Why did I choose to live this life? What was the original tipping point that had me leave behind the world I was brought up in, that I went to four years of college for, that lead me to corporate careers in, of all things, email marketing. I mean, c'mon, email marketing, what could be farther from working a pony in harness than a desk job on the lowest level of a corporation making coupons on the internet? The mind reels.

I think about being a child, taken every Halloween to a small hobby farm nearby for pumpkin field tractor rides and petting their Nigerian goats. I loved that place, because even as an 8-year-old it felt correct in my New-Kids-on-the-Block lovin' heart. And in college, at Borders bookstores in Allentown (when there was a Borders on McArthur road) I would sit and read copies of Hobby Farm magazine, with a line of sheep on the cover, and wonder who possibly lived like that? Who had found a way to a snowy Tuesday night where their most important task was carrying out a bale of hay to their flock and returning to a warm kitchen for a hot meal, hard cider, and a beloved fiddle. How does a suburban 22-year-old make that happen? Can it happen?
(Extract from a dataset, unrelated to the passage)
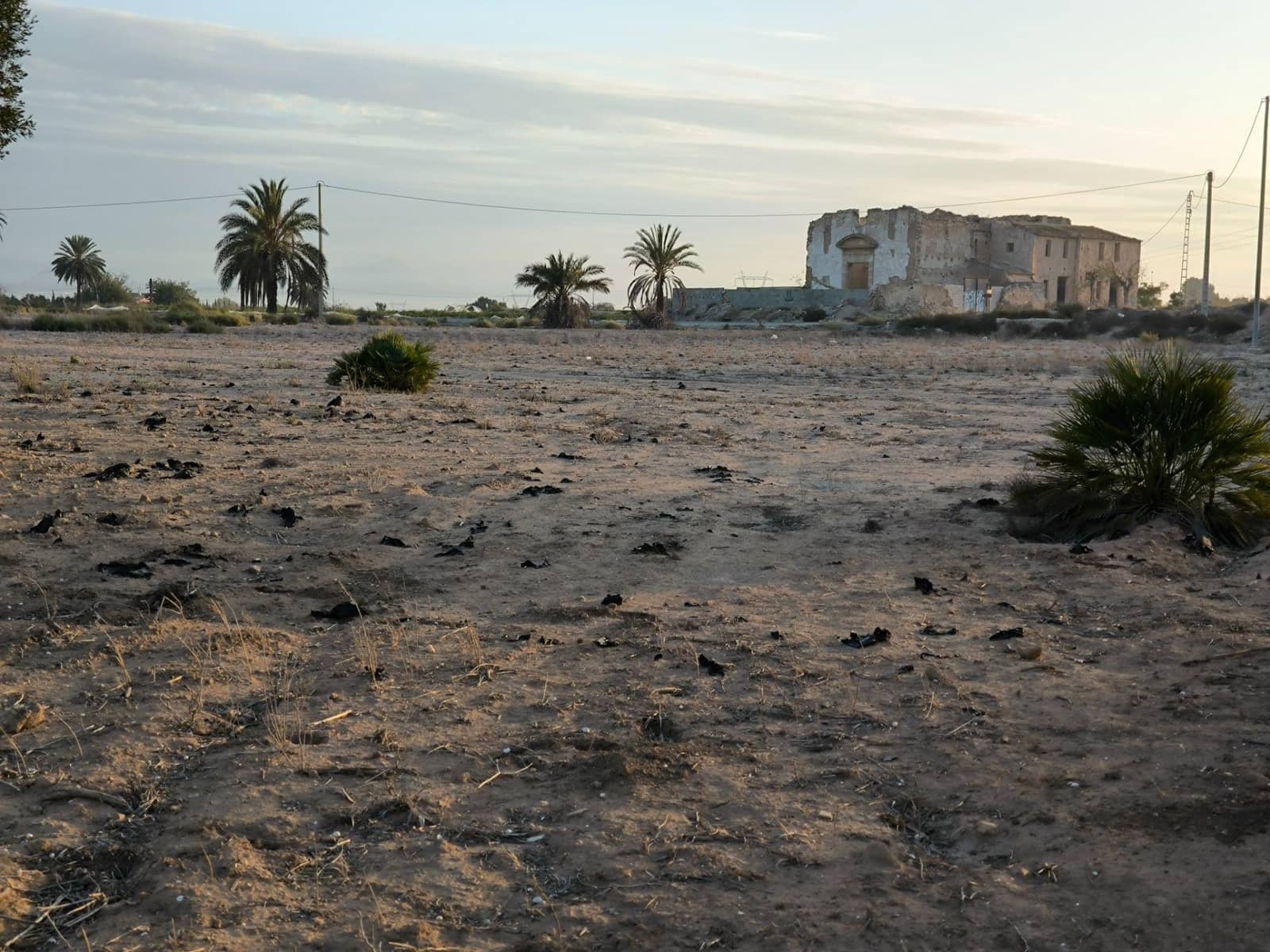 Grunde uden byggetilladelser til salg i La Marina - € 216.000 (Ref: 8559778)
My life has changed so much. It's 5:30 on a Saturday night and I am almost ready for bed. In college I would have been just getting back from the studio, getting into the shower to plan an evening with friends and road trips around the town. Tonight I am full from a dinner of some roasted chicken breast over kale and carrots. Both fires are going, and I know tomorrow morning will include the same chores and errands as today, and I look forward to it.

I love my life here, because evrythig I do is working towards another step of living. All year I am working towards the next thing, the next beautiful thing, that either feeds, clothes, or warms me. I know this spring I will get an order of chicks, and they will turn into thousands of calories of meat and eggs, and I'll use those calories to stack and split the wood that summer, that will burn to keep me warm that winter. Do you see what I mean? Every tomato planted is a can of sauce. Every lamb born is a sweater or a chop. This place, this lifestyle is continusously active in the actual sport of living. And before I lived season to season, among animals and agriculture, I lived selfishly through constant material gain. It left me empty, and scared, and wondering how I fit into the world? You get a farm and you get a purpose. Your religion becomes the next six hours. I look at that article in the Washington Post, and think about all the women and men canning and stacking wood alongside me, states and countries away, and I am proud. This generation does not want push-button gratification. It wants the results of hard work, time, sweat and patience only genuine authenticity can cultivate.

I live this life because I found my passion, and my strength. I walk up to the sheep fields with my black dog and crook, and our biggest goal in moving sixteen sheep from one gate to another so a working pony can spend an afternoon in the sunlight running. I pulled into my muddy driveway to see a gray horse running along a hillside and had to remind myself it was mine. That me and that 650 pound animal had worked as a team through leather and confidence, and made things happen. I love that damn horse, as much as I love anything. He is a part of a story, and a reality, and future that will be scary but okay. No part of me ever thinks things will get worse, not on this farm. Things will get complicated from time to time, but never worse. I learned this much.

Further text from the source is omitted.